YOUR GOAL:
Transcribe exactly the lines that fall between the one holding "اتاق اکونومی, Albergo Italia" and the one holding "FL 33880, USA", inclusive, from the entries below.

[Opening AVAILABLE DATA section]

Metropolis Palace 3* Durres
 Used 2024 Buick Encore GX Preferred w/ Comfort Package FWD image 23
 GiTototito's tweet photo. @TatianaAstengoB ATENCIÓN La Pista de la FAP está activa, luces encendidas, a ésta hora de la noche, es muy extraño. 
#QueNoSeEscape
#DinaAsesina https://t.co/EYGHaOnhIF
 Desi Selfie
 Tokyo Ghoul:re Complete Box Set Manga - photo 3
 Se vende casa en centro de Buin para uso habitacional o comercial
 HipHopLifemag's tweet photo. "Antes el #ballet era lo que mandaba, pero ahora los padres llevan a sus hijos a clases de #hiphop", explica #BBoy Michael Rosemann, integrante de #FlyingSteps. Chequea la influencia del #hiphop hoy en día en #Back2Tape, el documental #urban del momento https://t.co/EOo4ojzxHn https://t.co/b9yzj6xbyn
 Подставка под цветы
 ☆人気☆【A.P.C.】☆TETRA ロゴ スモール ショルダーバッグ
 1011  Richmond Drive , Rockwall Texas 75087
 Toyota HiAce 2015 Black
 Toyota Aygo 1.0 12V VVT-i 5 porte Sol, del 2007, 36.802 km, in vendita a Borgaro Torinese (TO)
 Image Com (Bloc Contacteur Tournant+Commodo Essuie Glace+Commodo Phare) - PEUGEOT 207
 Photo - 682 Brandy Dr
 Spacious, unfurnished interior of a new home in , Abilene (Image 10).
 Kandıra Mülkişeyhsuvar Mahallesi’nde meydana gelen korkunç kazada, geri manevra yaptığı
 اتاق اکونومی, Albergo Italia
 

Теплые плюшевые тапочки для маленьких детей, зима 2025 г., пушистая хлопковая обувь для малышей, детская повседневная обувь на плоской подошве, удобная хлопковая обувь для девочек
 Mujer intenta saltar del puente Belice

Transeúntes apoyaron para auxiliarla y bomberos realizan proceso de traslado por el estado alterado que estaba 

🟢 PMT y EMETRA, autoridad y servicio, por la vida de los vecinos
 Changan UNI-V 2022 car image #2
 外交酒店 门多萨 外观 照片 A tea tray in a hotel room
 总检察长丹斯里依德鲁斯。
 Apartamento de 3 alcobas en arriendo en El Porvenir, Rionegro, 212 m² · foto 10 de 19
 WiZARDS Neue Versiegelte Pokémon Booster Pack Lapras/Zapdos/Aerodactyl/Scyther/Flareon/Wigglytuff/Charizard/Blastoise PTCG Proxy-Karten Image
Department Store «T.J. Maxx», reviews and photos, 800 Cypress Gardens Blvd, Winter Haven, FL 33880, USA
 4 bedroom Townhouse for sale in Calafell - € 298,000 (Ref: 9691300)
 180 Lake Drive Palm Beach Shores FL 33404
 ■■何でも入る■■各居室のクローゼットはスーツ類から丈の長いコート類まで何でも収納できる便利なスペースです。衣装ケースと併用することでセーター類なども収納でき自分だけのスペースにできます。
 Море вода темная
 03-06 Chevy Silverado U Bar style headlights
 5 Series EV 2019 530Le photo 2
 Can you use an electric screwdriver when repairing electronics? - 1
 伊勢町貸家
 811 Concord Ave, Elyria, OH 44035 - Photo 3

[Closing AVAILABLE DATA section]

OUTPUT:
 اتاق اکونومی, Albergo Italia
 

Теплые плюшевые тапочки для маленьких детей, зима 2025 г., пушистая хлопковая обувь для малышей, детская повседневная обувь на плоской подошве, удобная хлопковая обувь для девочек
 Mujer intenta saltar del puente Belice

Transeúntes apoyaron para auxiliarla y bomberos realizan proceso de traslado por el estado alterado que estaba 

🟢 PMT y EMETRA, autoridad y servicio, por la vida de los vecinos
 Changan UNI-V 2022 car image #2
 外交酒店 门多萨 外观 照片 A tea tray in a hotel room
 总检察长丹斯里依德鲁斯。
 Apartamento de 3 alcobas en arriendo en El Porvenir, Rionegro, 212 m² · foto 10 de 19
 WiZARDS Neue Versiegelte Pokémon Booster Pack Lapras/Zapdos/Aerodactyl/Scyther/Flareon/Wigglytuff/Charizard/Blastoise PTCG Proxy-Karten Image
Department Store «T.J. Maxx», reviews and photos, 800 Cypress Gardens Blvd, Winter Haven, FL 33880, USA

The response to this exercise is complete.